● **TASK OBJECTIVE**
Where a picture appears in the data below, exclude it; restate everything else word for word.

● **THE DATA**
____________

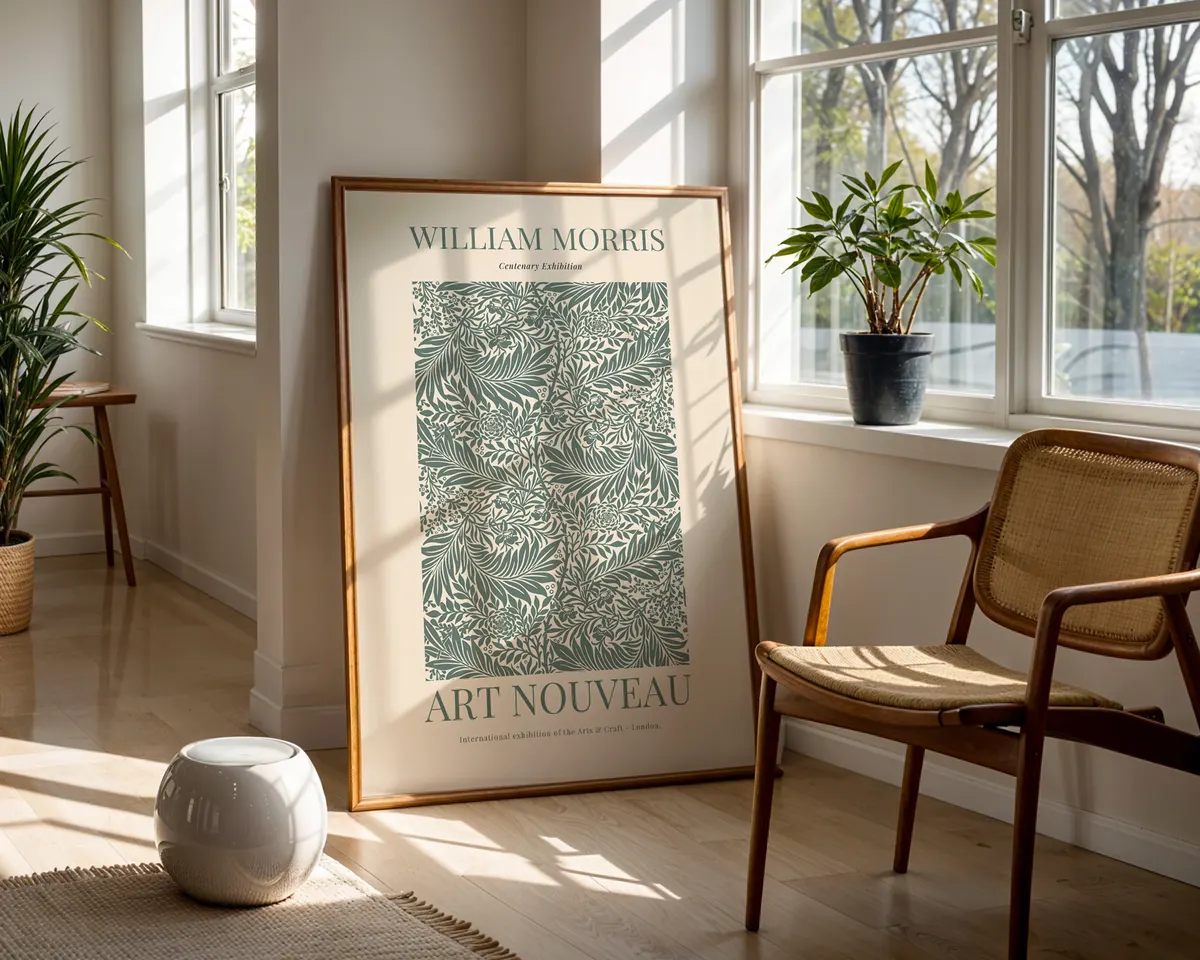 Art nouveau English garden poster in William Morris style with ornate layered flowers and leaves in warm amber and deep green. — photo 5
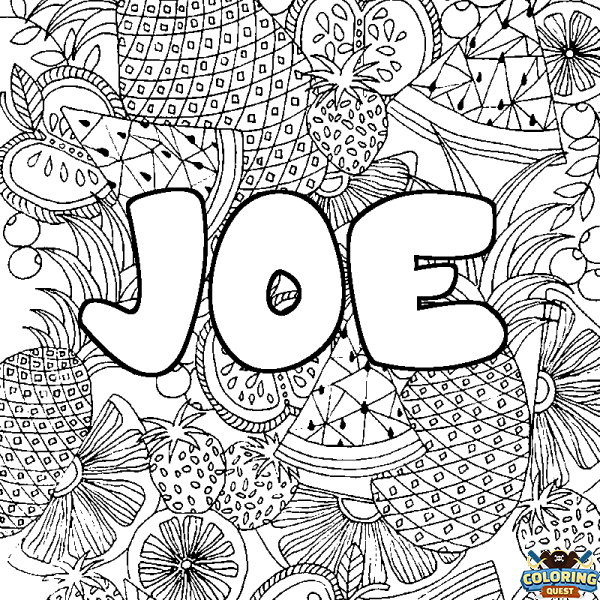 Coloring page first name JOE - Fruits mandala background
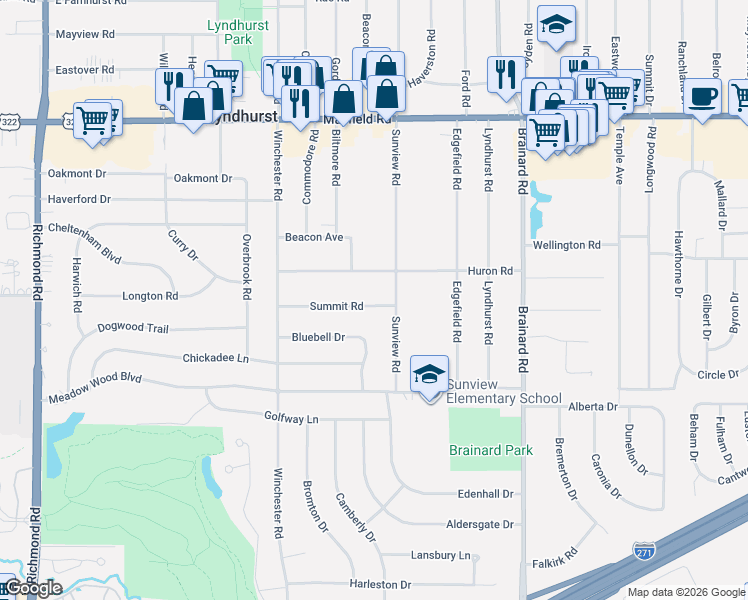 map of restaurants, bars, coffee shops, grocery stores, and more near 5451 Summit Road in Lyndhurst
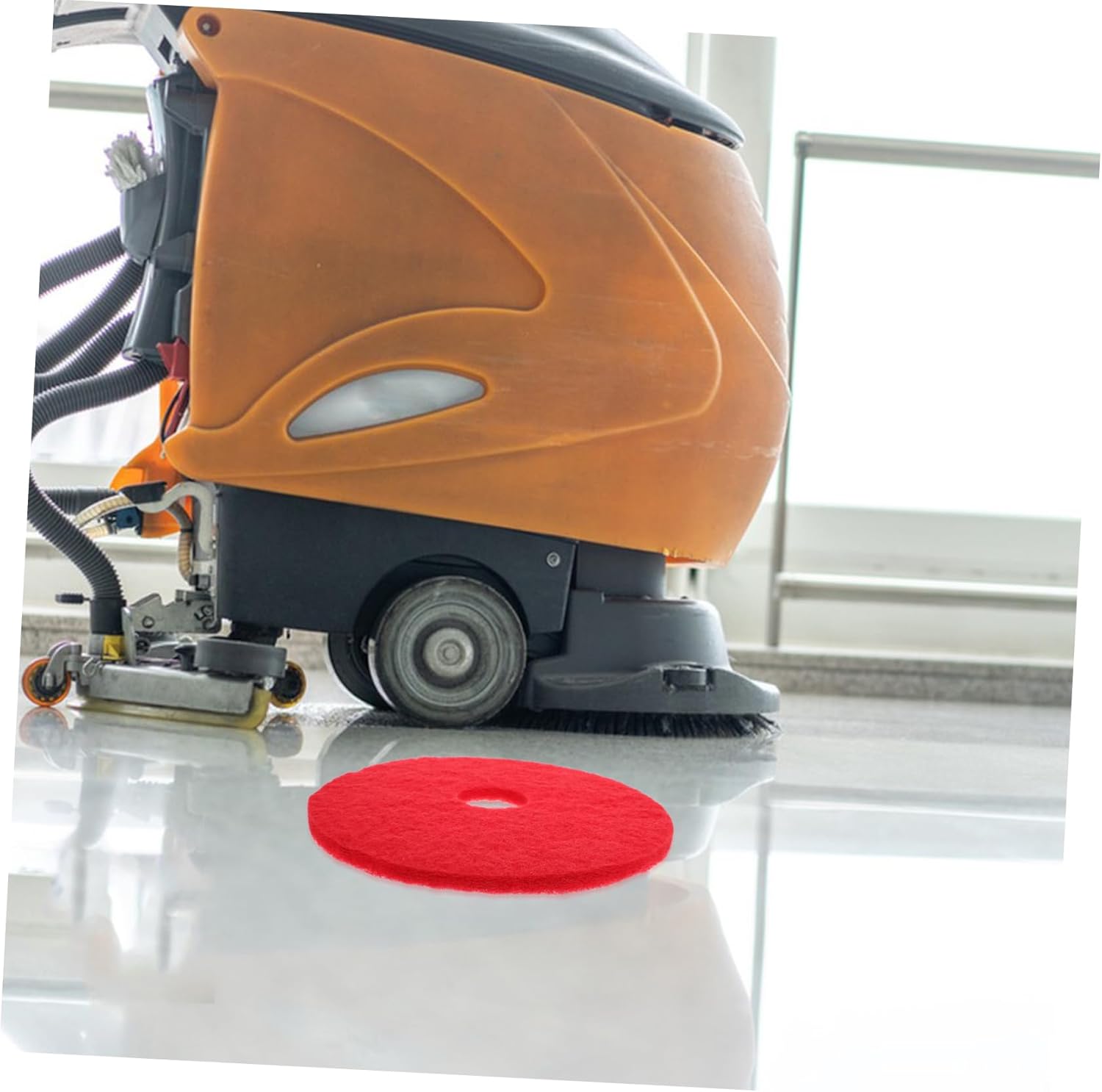 Didiseaon Floor Polishing Pad Red Floor Scrubber Pad Floor Machine Mat Replaceable Cleaning Pad Suitable for Hardwood Tiles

____________

● **SOLUTION**
 Art nouveau English garden poster in William Morris style with ornate layered flowers and leaves in warm amber and deep green. — photo 5
 Coloring page first name JOE - Fruits mandala background
 map of restaurants, bars, coffee shops, grocery stores, and more near 5451 Summit Road in Lyndhurst
 Didiseaon Floor Polishing Pad Red Floor Scrubber Pad Floor Machine Mat Replaceable Cleaning Pad Suitable for Hardwood Tiles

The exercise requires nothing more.